We had several thermal cameras on
LCROSS, so basically you can see the heat from the impact
experiment. What we could see over the first several seconds
after the impact is that you could see the heat of the ejecta
was blasted out from the impact, expanding and moving over
the lunar surface. So here we have data from the ultraviolet
visible spectrometer, and what we see here is that as the
levels of flux continue to go up, we're seeing the brightness increase in the plume, and as things get brighter, the reason for this is because we have dust now that has been lofted up into the sunlight. So we're
seeing that sunlight being reflected off of the dust grains.
This is one of the ways that we know that there was a dust
cloud that was created by the LCROSS impact.
We have pictures of the dust cloud from
the visible camera that was on board the LCROSS Shepherding
Spacecraft. So we actually have images of the dust cloud
itself, and from that we’re able to tell how big
the dust cloud was over time. So we can see how quickly
it expanded and how big it actually got. So, at about 20
seconds after impact, we’d measured the cloud, and
it was on the order of about 10 to 12 kilometers in diameter.
And we can see that cloud in the visible camera for about
42 or 43 seconds after impact.
did LCROSS get the pictures?
On the LCROSS payload we had nine different instruments and the two real workhorse instruments for the water measurement were the near infrared spectrometer, and the ultraviolet visible spectrometer. So here you can see the apertures or the openings of those instruments that were pointed down towards the Moon, collecting data as the shepherding spacecraft got closer and closer to the plume and closer and closer to the Moon.

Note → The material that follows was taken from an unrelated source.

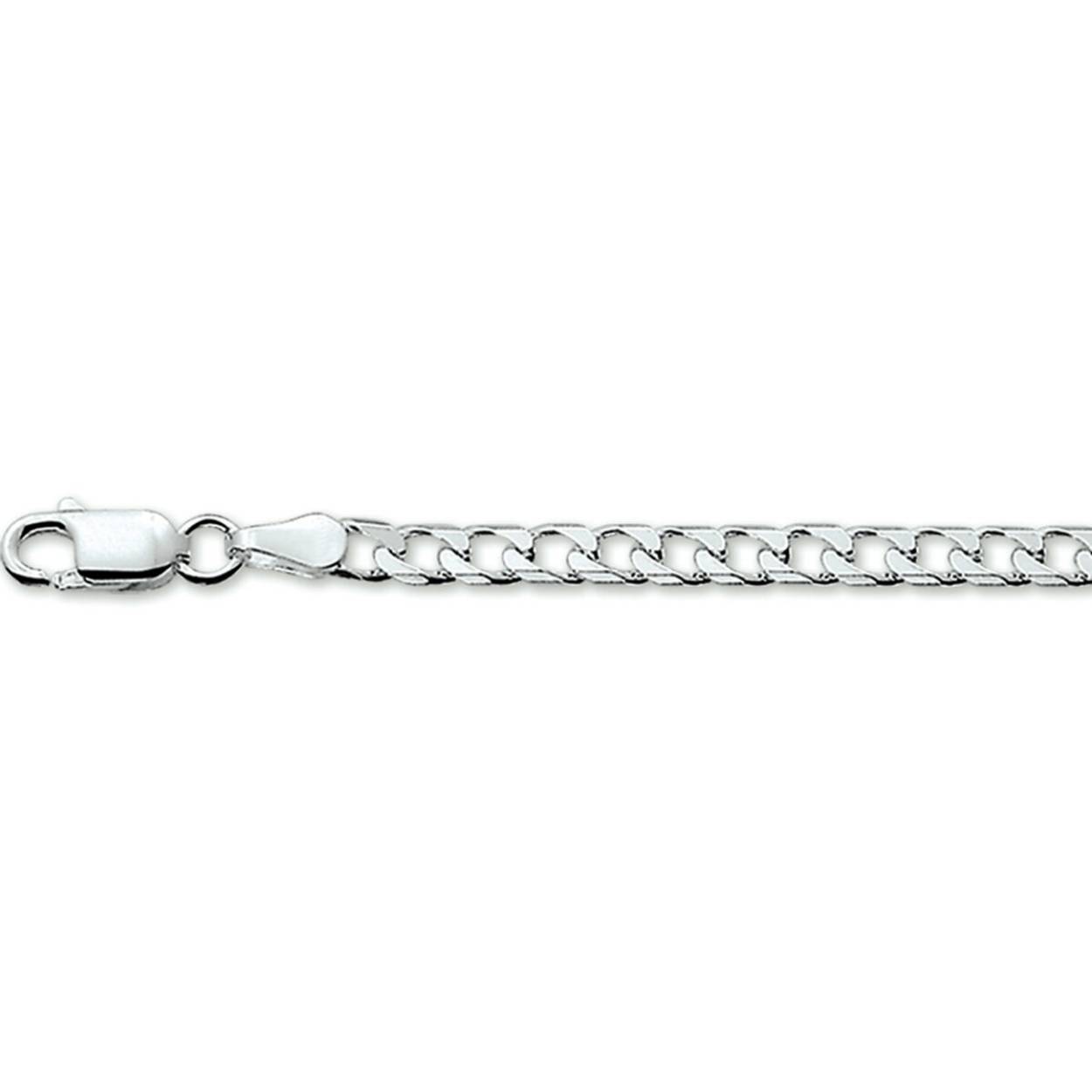 Zilveren armband met geslepen gourmette schakel. De schakelbreedte is 3.0mm.
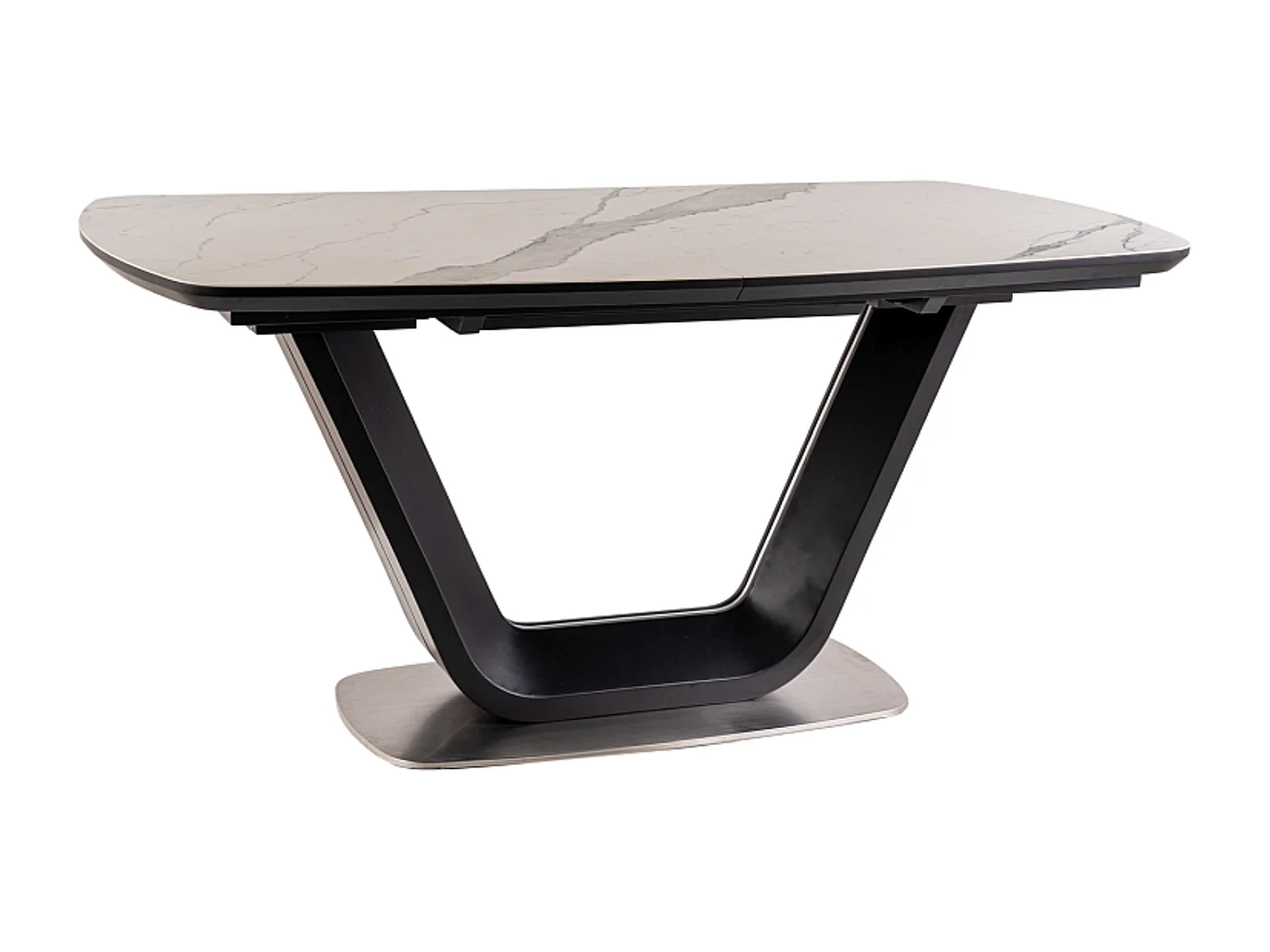 Table à manger extensible noir & marbre 160cm Vanda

One of the ways to identify water
in the LCROSS impact plume is to look at the near infrared
spectra. So we're looking at the light in the near infrared wavelengths as it's returned to the spacecraft, and the way that we do this is we look and see water absorbs light at certain wavelengths. So what we do is match those particular wavelengths with the data, and we see if the data is showing absorption features at those same wavelengths that are very diagnostic of water. So here we see data taken from the near infrared spectrometer. You can see the data is in blue with error bars, and then there's a model fit that's
in red. What we try to do is we try to model the data
as best we can. At the bottom of the graph, you see spectra
of different materials that are labeled, whether it be
water vapor, water ice, and other components.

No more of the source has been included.